Belmar- A committee of Independent and Democrat Belmar voters is gathering signatures to repeal the recently passed Pay-to-Play/Ethics Ordinance that allows Belmar elected officials running for higher office outside of Belmar to accept campaign contributions from Borough vendors, professionals, liquor licensees and developers. New the Ethics Ordinance also allows those who contribute less than $300 to an elected official’s campaign to remain anonymous. The previous Ethics Ordinance required that all campaign contributions be disclosed.
In an announcement released on Common Sense for Belmar, Thomas Fahy, Linda Chelsen, Linda Sharkus, Katrina Clapsis, and former Mayor Kenneth Pringle said:
To the people of Belmar:
The recent guilty pleas by former Birdsall executives serve as a reminder that the purchase of political influence by outside interests continues to be a problem that taxpayers must vigilantly protect themselves against.
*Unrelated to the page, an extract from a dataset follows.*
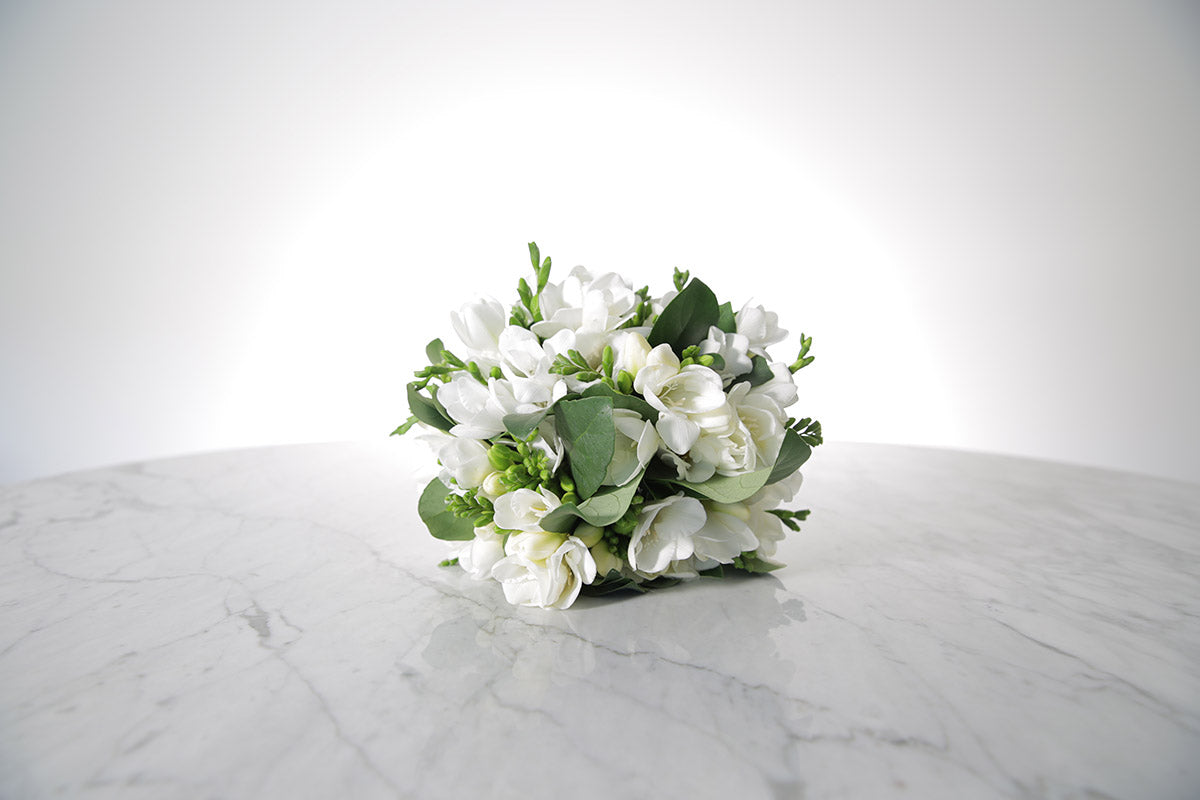 White wedding flower bouquet on a marble surface with a white background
We signers of this letter (all of us are either political independents or registered Democrats) have been grateful that Belmar has enjoyed having very strict pay to play ordinances on the books that we believe have served us well and greatly reduced the likelihood of such improprieties occurring here.
Unfortunately, on February 16 the Borough Council voted to remove from our conflict of interest ordinance some of our most important protections, opening the door to pass-through contributions that conceal the identity of the actual donor, contributions from vendors and professionals who may be looking to win contracts from the Borough, contributions from contractors seeking change orders on bid contracts, and contributions from holders of liquor licenses who might like to see a more compliant Borough Council (which acts as the local ABC board.)
The revised ordinance also, very importantly, removes all donation restrictions on Belmar elected officials who may be running for another office outside of Belmar. We feel our public officials should not be accepting money from anyone with business before the Council irrespective of the office that person might be running for.
We will be circulating a petition to protest these detrimental changes to our campaign finance laws and ask all registered voters of Belmar to join our cause and sign the petition.
Please call 732-409-0138 or email [email protected] and ask to sign the petition. With your help we can restore these important protections for the taxpayers of Belmar.
The timing of the Ordinance introduction and passage makes the loosened ethics standards appear to be for the benefit of Mayor Matt Doherty. Doherty announced that he is seeking one of the Democrat nominations for Monmouth County Freeholder in January.
The mayor scoffed at that notion, saying the Ordinance has nothing to do with his candidacy for freeholder. He said that the idea for the Ordinance first came up last summer and that the purpose is to bring Belmar in compliance with the U.S. Supreme Court’s Citizens United decision. Members of the all Democrat Borough Council echoed those sentiment in their comments before voting for the Ordinance.
Under the Faulkner Act, which governs Belmar’s municipal government, an ordinance (other then budgets and Land Use ordinances) does not take effect until 20 days after passage. If a petition opposing the ordinance is presented within that twenty day period, the ordinance is suspended for an additional 10 days while the municipal clerk certifies the petition. If the petition is signed by 15% of the number of voters who participated in the last General Assembly election, the ordinance remains suspended until it is repealed by the Council, until the petition is revoked by the Committee of Petitioners that presented it or until a referendum is held.
In this case, the process starts if the committee presents 265 signatures to the Belmar Clerk by March 7. If the petition is certified and the Belmar Council does not repeal the Ordinance.
If there is a Special Referendum, hopefully it would be held on the same day as Democrat and Republican primaries, June 7, so that the citizens of Belmar do not have to bear the cost of a Special Election.